I can hear you through my screen; telling me how expensive these ingredients are… and I don’t agree. This year, local farmers teamed up with Executive Chef Herve Fucho (from the Four Seasons Hotel Hong Kong) to prepare small burgers made from local ingredients and sustainable beef. Also Caprice restaurant chef Vincent Thierry demonstrated how food coloring changes the perception of taste – for example he used poached purple carrots mixed in plain yogurt, with purple coloring and sugar and asked the kids what it was, the answers was blueberry yogurt. Then they tasted a real blueberry yogurt and the differences were discussed – I love that idea – It’s a stunning experience to do with anyone and it shows us how the industry fools us everyday with coloring and flavoring.
On the bakery side, Mark and I brought over whole wheat sourdough baguettes.
The importance of the flavors origin in bread is as important as the origin of its ingredients. The last time we visited the school, we emphasized on the importance of real bread. This time, we shifted our efforts on the values of whole grain and natural breads. I explained to the children the origin of flour by showing them wheat grains, whole wheat flour and wheat bran. We even brought with us a jar of fermenting raisins in water to show them actual lacto-fermentation in the making. The kids were amazed to discover the aromas from our mother sourdough and after all those discoveries, they all had to practice the shaping of baguettes on their own – yes, our dough is awfully sticky; yet another factor the kids discovered.

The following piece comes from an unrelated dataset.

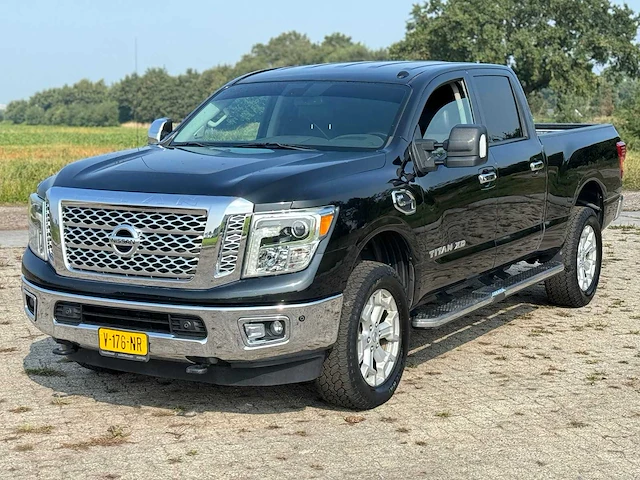 2016 nissan titan xd 5.0 v8 cummins bedrijfswagen - afbeelding 1 van  27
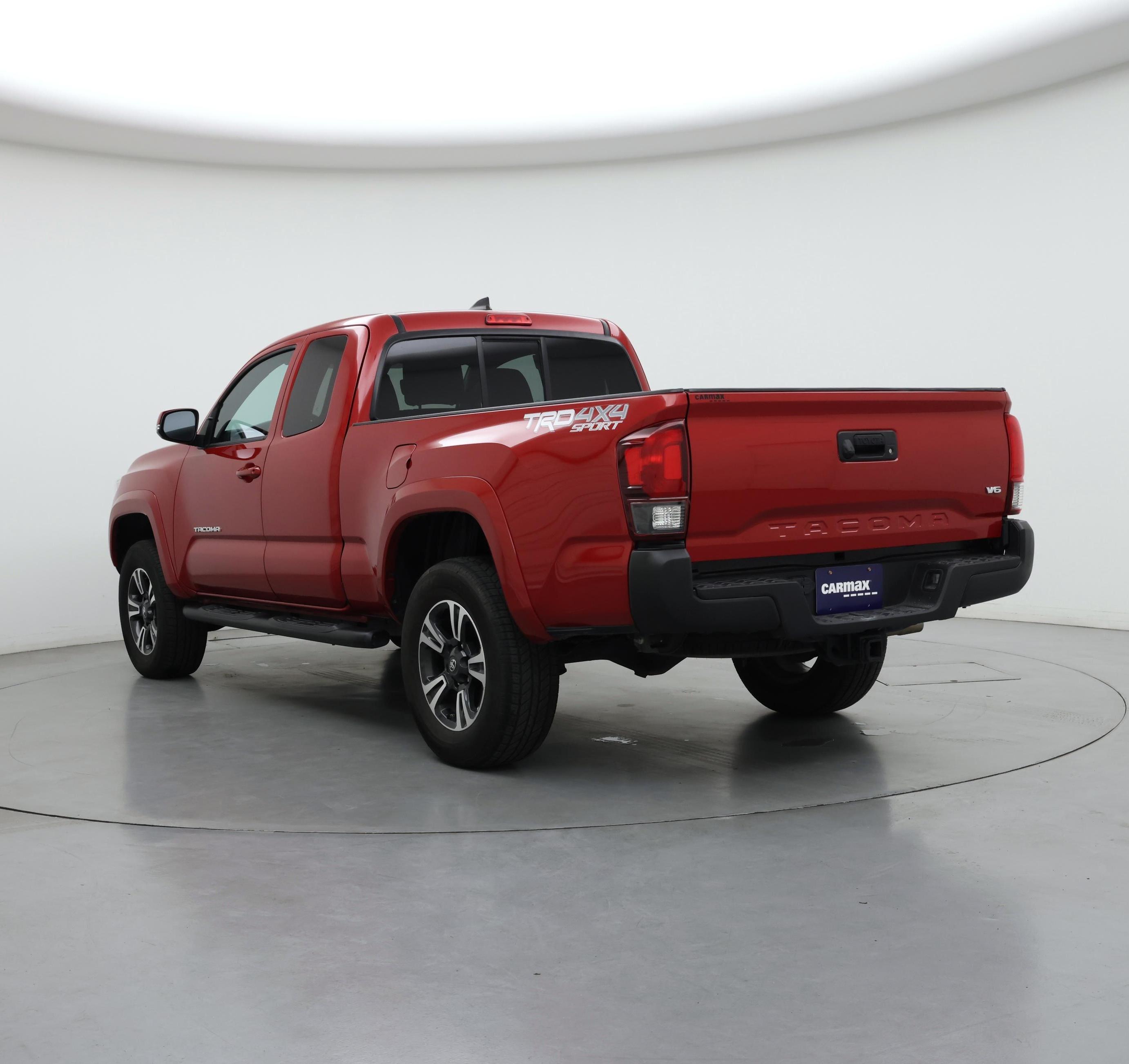 Thumbnail: 2019 Toyota Tacoma - 2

Finally, to add a decadent touch to our whole grain bread, we brought in some homemade chocolate praline spread, very much like Nutella, but without the fear-factor of getting fat clogs in your veins from the palm oil – just plain natural and wholesome ingredients.
In my opinion, the journee du gout has every reason to exist and it is very much needed. Whilst we are in a country where 4000 years old handmade millet noodles were discovered (isn’t that awesome?), the century we live in seems to worship cup-noodles as a staple food; all that to say that a bit more discovery and sharing of good food would help. I find the fact that the journee du gout being held only in two schools sad. I wish an organization like the HK Chef’s association would be approached by the government to launch a city wide campaign on eating more balanced and healthier food. The pyramid of food portion intake that we see on TV ads from the government is equivalent to throw money away and tells children nothing about their food culture or describe in no way what is wholesome food and why is it good for you.